§ EXERCISE DESCRIPTION: Please retype the data below line for line and leave out every picture.

PROVIDED INFORMATION Block Start

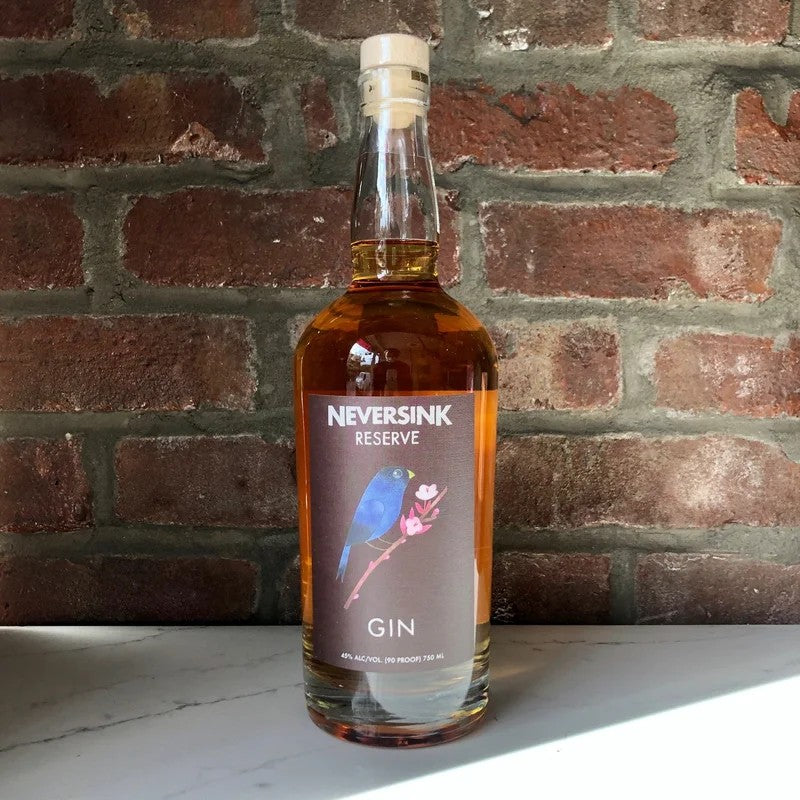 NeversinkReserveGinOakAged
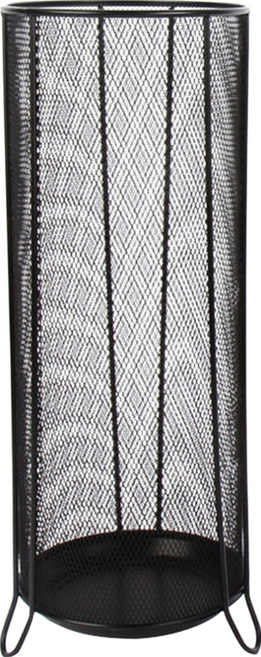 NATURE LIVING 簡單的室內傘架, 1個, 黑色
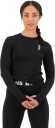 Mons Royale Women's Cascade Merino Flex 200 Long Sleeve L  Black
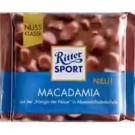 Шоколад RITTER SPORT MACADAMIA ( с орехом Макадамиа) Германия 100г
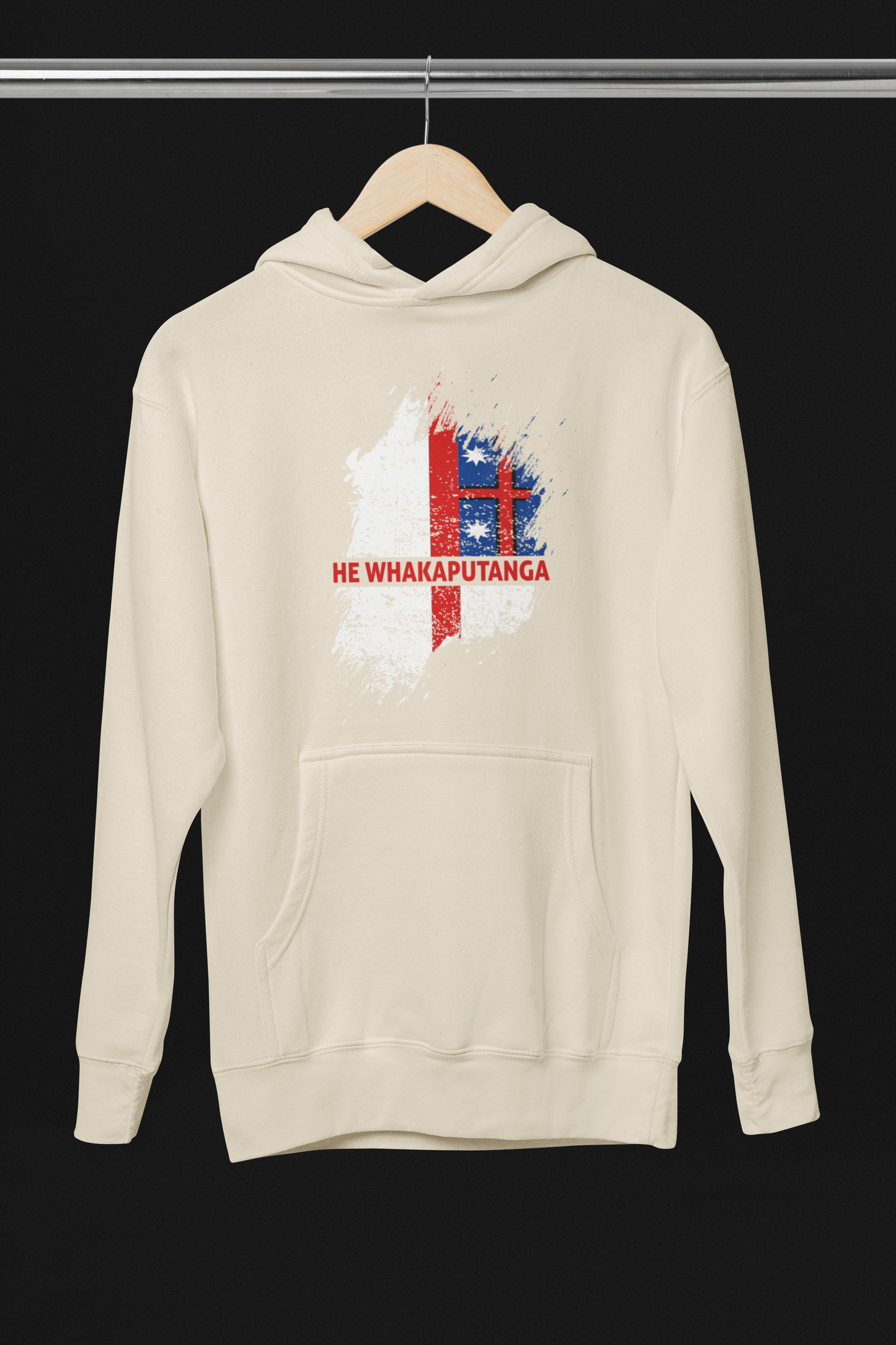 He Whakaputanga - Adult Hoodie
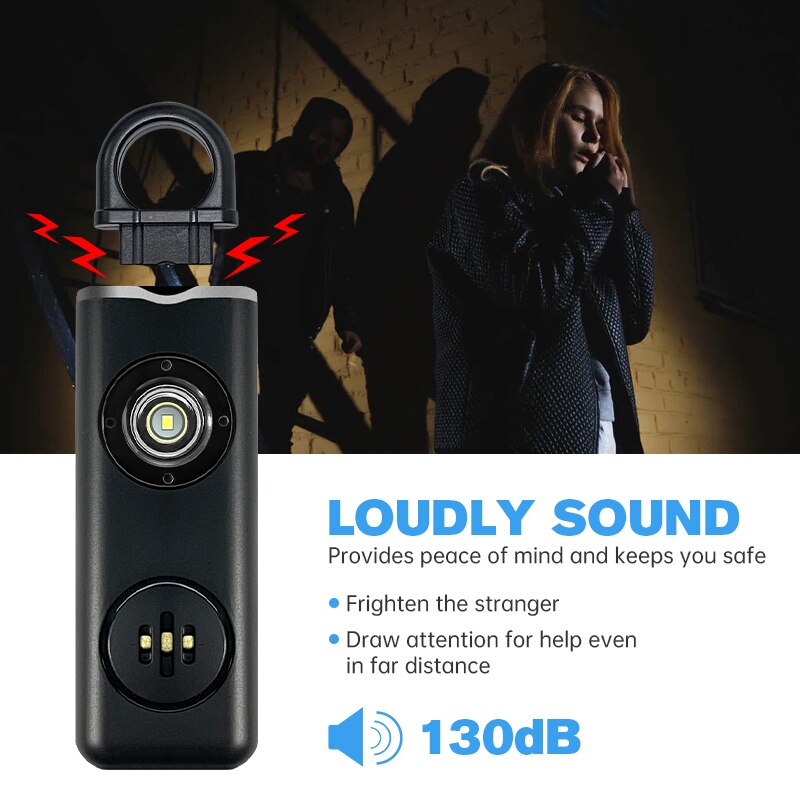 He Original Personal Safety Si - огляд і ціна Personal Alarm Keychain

PROVIDED INFORMATION Block End

§ RESULT OF THIS TASK:
 NeversinkReserveGinOakAged
 NATURE LIVING 簡單的室內傘架, 1個, 黑色
 Mons Royale Women's Cascade Merino Flex 200 Long Sleeve L  Black
 Шоколад RITTER SPORT MACADAMIA ( с орехом Макадамиа) Германия 100г
 He Whakaputanga - Adult Hoodie
 He Original Personal Safety Si - огляд і ціна Personal Alarm Keychain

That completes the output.